Yo no sé cuántos de ustedes aspiren a ser Presidentes de la República, no sé cuántos de ustedes militen en un partido político; lo único que les quiero decir es que ustedes son militantes del mejor partido que puede haber, son integrantes del mejor ejército. Ustedes forman personas, trabajan con su alma y con su inteligencia, llega a sus manos un niño que es él, pero también es su familia, es su historia, y la sombra que ese niño proyecte en el aula, en el sitio que ocupa en el mesabanco, comienza a fraguarse su futuro. Ustedes son los dueños de todo eso.

Me imagino, y espero que así sea, cuánto los emociona el pararse frente a un salón de niños que apenas están tomando su primera clase y los empiezan a orientar para que escriban, como se usaba en mi remoto tiempo de estudiante aquello de, ‘a ver, si ya saben escribir, pongan la fecha de este día y su nombre´.

Creo que la fecha escrita por primera vez y el nombre escrito por primera vez son los dos carriles por los cuales empieza a transitar el vehículo del conocimiento que los conduce a la libertad, y si no, por lo menos los acerca a la palabra, esa palabra li-ber-tad, hecha de tres sílabas donde comienza, no sé, el vuelo del espíritu.

Quiero insistir en que mi oficio de escritora y periodista ha sido posible gracias a que alguien me enseñó aquella mañana a ensartar las letras, que mi padre me había enseñado primero que nadie por supuesto, y a escribir una fecha y mi nombre.

Ahí comenzó mi historia, una historia que se ha multiplicado gracias a que pude cumplir un sueño y, algo que agradezco a mis maestros, sobre todo a los primeros, es que no se hayan burlado de ese anhelo. Cuando el primer día de clases nos empezaron a preguntar ‘tú de dónde vienes, quién eres, qué quieres ser’, yo quería contar historias; porque no se me ocurrió decirlo de otra manera, mi maestra no se rió ni lo tomó a broma, ni mis compañeros se burlaron, simplemente me dijo: ‘Huy, contar historias, no pues para eso se necesita saber muchas palabras´.

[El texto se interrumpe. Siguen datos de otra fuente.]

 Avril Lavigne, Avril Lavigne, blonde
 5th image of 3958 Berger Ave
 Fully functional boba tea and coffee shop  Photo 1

Yo no sé cuantas palabras sé, ni si para contar una historia se requieren todas, pero creo que podría contar una diaria si tuviera en mi mesa y en la punta de esta pluma, una de las palabras que digo con más emoción y respeto: maestro muchas gracias.

*Periodista y escritora. Mensaje pronunciado en el marco del 119 aniversario de la Benemérita Escuela Nacional de Maestros.